Distinct Permutation-based Sums

[Max]

Leroy Quet wrote:

>>That's not true. a(m) may not exist. And it does not exist even for 
>>small examples.
>>Let a(1)=0, a(2)=1, a(3)=3. This sequence distinguishes all permutations 
>>of order 3.
>>But at the same time there is an equality
>>
>>a(3)*1 + a(1)*2 + a(4)*3 + a(2)*4 = a(2)*1 + a(3)*2 + a(4)*3 + a(1)*4
>>
>>that holds for ANY a(4).
>>Hence,  a(4) can NOT be defined such that a(1), a(2), a(3),a(4) 
>>distinguishes all permutations of order 4.
>>
>>Regards,
>>Max
>>
>>    
>>
>
>
>
>Uggg, you are right.
>
>So, typing without thinking...
>
>Can we establish a sequence with undistiguishable (by the definition 
>implied here) m's?
>
>We could define, for this purpose, a(m), if the m-permutation is 
>undistinguishable, arbitrarily as the lowest positive(/nonnegative) 
>integer not among a(1),a(2),...,a(m-1).
>
>  
>
Once you've got undistinguishability, it holds forever.
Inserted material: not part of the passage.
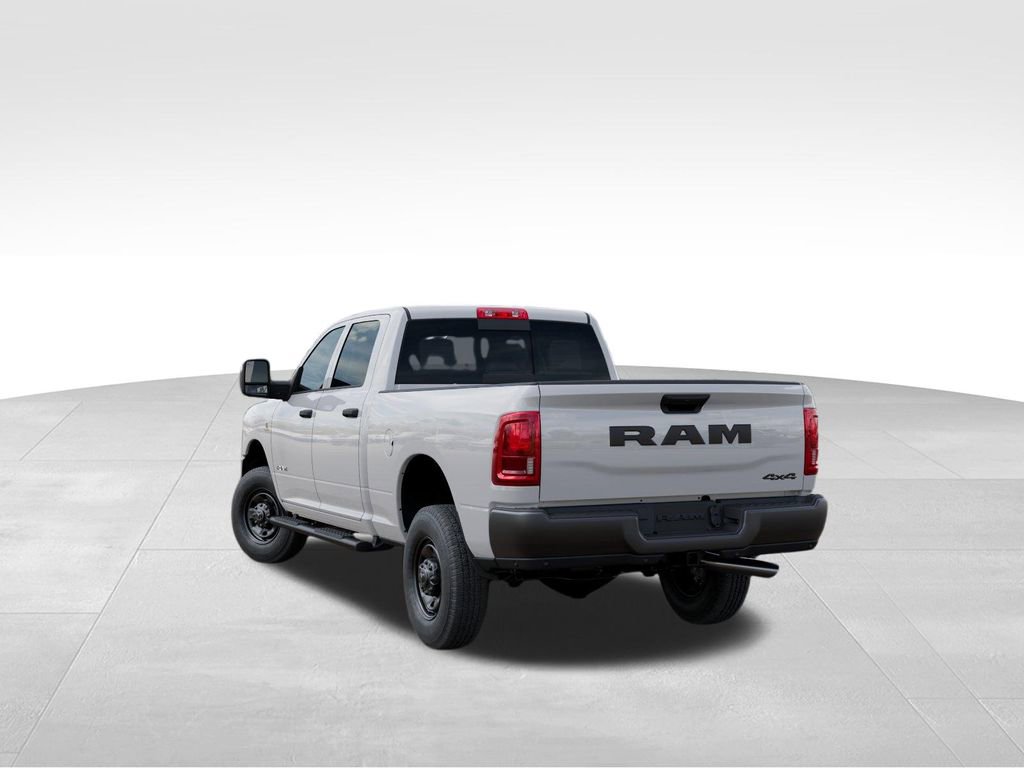 New 2026 RAM 2500 Warlock w/ Safety Group AWD/4WD image 3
So your 
"arbitrary" definition will work all the time, and the tail of sequence 
will be just successive integers.

>So, the undistinguished m's would form the sequence:
>
>1, 4,...
>
>Is this sequence infinite?
>(For all I know, EVERY m >= 4 is undistinguished with the a's as 
>redefined.)
>
>
>And the a-sequence then would progress as (with 0 = a(1))
>
>0, 1, 3, 2,...
>
>Ideally, the a-sequence would then form an interesting permutation of the 
>nonnegative integers. (But then we would need there to be an infinite 
>number of indistinguished m's, given how the a-sequence is now defined, I 
>believe.)
>  
>
It's simply

0, 1, 3, 2, 4, 5, 6, 7, 8, 9, 10, ...

that's not much interesting.

Regards,
Max